Nicolas Le Riche a la foi, c’est ce qu’il n’arrête pas de nous dire. L’archange Gabriel, incarné par Isabelle Ciaravola, dont la stature, le charisme conviennent parfaitement au rôle, fait bien comprendre à Marie qu’elle sera protégée par l’esprit de Dieu, en la couvrant de son corps et de ses ailes, et même en l’embrassant – on retrouve un peu la pièce de Le Riche, Odyssée : amour, protection.

De manière intéressante, les mouvements mécaniques de l’archange, lorsqu’il arrive sur scène dans L’Annonciation, rappellent ceux de la Mort dans Le Jeune homme et la mort, l’une des œuvres phares du chorégraphe Roland Petit, que Le Riche a interprétée avec Ciaravola en conclusion de son spectacle. Comme dans L’Annonciation, cela raconte l’intrusion d’une sorte d’être asexué, mais cette fois-ci franchement maléfique, dans la vie d’un jeune être qui se cherche (même si la Mort est apparemment une fille facile, son absence totale de sensualité lui ôte toute féminité, elle est juste une sorte d’organisme malveillant et calculateur).

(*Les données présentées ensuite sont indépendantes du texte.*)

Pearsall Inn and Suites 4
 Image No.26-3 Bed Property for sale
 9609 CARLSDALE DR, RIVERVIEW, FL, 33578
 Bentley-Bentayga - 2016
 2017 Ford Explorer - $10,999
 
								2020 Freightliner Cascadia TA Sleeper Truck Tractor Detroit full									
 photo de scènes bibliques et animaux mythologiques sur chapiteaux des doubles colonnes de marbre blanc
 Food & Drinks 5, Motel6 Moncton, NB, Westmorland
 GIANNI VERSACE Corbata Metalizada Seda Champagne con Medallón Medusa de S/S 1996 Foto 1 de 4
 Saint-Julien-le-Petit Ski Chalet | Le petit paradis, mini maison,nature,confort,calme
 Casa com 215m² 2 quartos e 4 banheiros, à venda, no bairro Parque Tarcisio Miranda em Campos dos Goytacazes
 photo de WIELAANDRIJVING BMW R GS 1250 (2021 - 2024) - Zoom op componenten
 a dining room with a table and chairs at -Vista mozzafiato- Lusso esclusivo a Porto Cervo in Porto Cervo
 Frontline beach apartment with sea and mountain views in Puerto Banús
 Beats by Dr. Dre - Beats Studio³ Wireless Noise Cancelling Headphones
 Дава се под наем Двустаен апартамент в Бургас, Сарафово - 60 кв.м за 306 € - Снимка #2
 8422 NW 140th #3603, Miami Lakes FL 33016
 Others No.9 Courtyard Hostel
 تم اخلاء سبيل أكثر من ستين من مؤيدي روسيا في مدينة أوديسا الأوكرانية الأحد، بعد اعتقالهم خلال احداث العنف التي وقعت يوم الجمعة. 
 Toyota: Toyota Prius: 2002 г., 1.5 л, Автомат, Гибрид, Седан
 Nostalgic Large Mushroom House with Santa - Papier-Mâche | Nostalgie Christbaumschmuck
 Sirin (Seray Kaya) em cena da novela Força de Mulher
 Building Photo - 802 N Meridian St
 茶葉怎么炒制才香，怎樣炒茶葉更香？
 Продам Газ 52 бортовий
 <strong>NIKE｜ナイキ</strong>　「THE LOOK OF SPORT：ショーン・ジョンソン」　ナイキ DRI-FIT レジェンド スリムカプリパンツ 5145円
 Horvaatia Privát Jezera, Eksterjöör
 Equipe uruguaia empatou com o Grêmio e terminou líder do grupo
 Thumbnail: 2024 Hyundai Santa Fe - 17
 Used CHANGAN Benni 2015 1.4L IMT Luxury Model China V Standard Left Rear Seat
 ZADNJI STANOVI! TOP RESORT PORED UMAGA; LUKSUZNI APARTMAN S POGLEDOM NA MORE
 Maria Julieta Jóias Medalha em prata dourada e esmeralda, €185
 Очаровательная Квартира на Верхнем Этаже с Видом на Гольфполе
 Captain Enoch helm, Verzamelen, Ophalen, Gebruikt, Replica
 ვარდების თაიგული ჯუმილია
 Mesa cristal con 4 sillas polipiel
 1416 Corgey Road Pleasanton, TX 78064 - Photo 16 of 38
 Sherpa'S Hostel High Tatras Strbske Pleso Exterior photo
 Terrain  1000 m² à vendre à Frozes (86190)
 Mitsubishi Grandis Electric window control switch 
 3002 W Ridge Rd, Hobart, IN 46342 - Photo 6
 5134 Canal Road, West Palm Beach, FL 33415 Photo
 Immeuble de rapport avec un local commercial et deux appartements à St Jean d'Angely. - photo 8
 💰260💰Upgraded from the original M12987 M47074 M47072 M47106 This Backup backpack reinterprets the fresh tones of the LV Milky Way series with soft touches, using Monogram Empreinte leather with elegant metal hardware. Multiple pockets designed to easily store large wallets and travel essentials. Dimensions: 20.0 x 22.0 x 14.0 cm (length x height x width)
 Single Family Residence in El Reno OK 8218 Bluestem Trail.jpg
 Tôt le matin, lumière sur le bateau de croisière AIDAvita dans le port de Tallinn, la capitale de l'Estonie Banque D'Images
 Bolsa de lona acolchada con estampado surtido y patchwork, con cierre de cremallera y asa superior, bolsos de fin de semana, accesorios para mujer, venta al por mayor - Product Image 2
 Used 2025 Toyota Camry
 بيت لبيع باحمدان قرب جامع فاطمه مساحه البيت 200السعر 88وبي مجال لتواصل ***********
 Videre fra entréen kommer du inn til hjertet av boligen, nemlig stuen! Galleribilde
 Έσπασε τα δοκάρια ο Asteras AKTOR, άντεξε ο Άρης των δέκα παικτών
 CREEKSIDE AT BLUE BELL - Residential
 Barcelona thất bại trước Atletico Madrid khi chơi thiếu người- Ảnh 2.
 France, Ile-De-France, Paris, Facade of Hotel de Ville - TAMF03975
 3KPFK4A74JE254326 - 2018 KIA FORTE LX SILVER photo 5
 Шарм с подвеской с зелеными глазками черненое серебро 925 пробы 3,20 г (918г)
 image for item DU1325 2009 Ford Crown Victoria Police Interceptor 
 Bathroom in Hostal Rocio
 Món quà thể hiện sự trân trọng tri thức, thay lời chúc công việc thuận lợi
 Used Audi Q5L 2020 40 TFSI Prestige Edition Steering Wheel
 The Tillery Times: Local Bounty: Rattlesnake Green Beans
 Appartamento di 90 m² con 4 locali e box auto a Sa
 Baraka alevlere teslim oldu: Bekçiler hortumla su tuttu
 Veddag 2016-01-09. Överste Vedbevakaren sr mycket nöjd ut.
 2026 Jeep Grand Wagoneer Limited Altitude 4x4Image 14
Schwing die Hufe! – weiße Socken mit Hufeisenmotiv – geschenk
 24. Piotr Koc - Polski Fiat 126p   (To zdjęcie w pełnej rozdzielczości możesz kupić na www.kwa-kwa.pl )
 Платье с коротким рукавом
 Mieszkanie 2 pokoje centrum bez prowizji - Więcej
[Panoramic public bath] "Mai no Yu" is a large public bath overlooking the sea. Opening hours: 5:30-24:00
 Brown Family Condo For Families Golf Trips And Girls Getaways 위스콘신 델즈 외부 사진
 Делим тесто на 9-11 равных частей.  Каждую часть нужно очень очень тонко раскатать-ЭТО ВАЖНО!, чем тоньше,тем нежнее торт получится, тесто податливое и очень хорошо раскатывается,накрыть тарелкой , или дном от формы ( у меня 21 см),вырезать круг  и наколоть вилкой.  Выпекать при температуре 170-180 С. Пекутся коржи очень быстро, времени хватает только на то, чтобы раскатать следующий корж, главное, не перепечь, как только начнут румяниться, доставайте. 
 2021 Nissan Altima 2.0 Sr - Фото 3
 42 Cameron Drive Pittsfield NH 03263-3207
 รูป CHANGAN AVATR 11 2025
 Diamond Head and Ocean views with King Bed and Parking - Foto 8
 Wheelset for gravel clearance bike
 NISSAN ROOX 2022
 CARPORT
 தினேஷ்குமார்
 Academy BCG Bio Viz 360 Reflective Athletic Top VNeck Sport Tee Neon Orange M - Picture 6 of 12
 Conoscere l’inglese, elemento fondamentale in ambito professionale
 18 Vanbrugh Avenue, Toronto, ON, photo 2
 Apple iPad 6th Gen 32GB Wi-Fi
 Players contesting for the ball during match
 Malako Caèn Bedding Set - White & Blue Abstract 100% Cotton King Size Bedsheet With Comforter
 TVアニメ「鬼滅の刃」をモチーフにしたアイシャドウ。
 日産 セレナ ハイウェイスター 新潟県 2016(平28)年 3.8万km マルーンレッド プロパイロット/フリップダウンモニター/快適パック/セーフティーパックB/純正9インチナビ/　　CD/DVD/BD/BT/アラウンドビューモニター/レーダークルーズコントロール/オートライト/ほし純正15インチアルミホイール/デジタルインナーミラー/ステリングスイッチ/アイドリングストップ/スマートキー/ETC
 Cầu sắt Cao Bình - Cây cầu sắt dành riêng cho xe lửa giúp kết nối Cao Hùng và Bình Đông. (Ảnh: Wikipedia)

L’amour-passion comme expression de l’angoisse de mort

Là, nous ne sommes plus dans le registre de l’amour qui protège, qui repose sur la confiance et la transcendance, mais tout à l’inverse dans celui de l’amour-passion qui met la possession sexuelle au premier plan, au mépris de la vérité de l’autre et de la sienne propre. Un amour, donc, qui n’est que l’expression d’une angoisse de mort, d’un manque à être, celui que ressent le jeune homme au début du ballet. De manière intéressante, dans ce registre, les amants n’arrêtent pas de se regarder, se jauger, se manipuler, se confronter. Ils se touchent énormément. « Aimer » devient vraiment « se regarder l’un l’autre », « se toucher l’un l’autre », mais il ne s’agit plus du tout de « regarder dans la même direction ». Sauf dans un cas : quand la mort montre du doigt quelque chose et que les regards des deux amants convergent enfin, ils tombent sur la vision de l’échafaud sur lequel périra le jeune homme.

Nicolas Le Riche, on le voit, a donc porté un soin extrême à la constitution de son programme – on n’en attendait pas moins de lui. Mais cela confirme qu’au-delà du danseur, il y a un véritable artiste qui tient à nous communiquer des visions bien précises. Ce qui implique une hauteur de vue que n’a pas forcément un interprète, aussi brillant soit-il.

Pour finir, une mention au mystérieux Russel Maliphant, que je voyais danser pour la première fois. Un sacré personnage ! Très charismatique, il dégage une impression de maîtrise et de contrôle qui ferait presque penser qu’on est devant un maître en sport de combats. Une dimension spirituelle qui ne déteint absolument pas dans l’univers « le richien ». Son autre chorégraphie, qu’il danse seul dans le spectacle de Le Riche, Shift, est un exemple de travail sur l’harmonie, l’équilibre, le silence.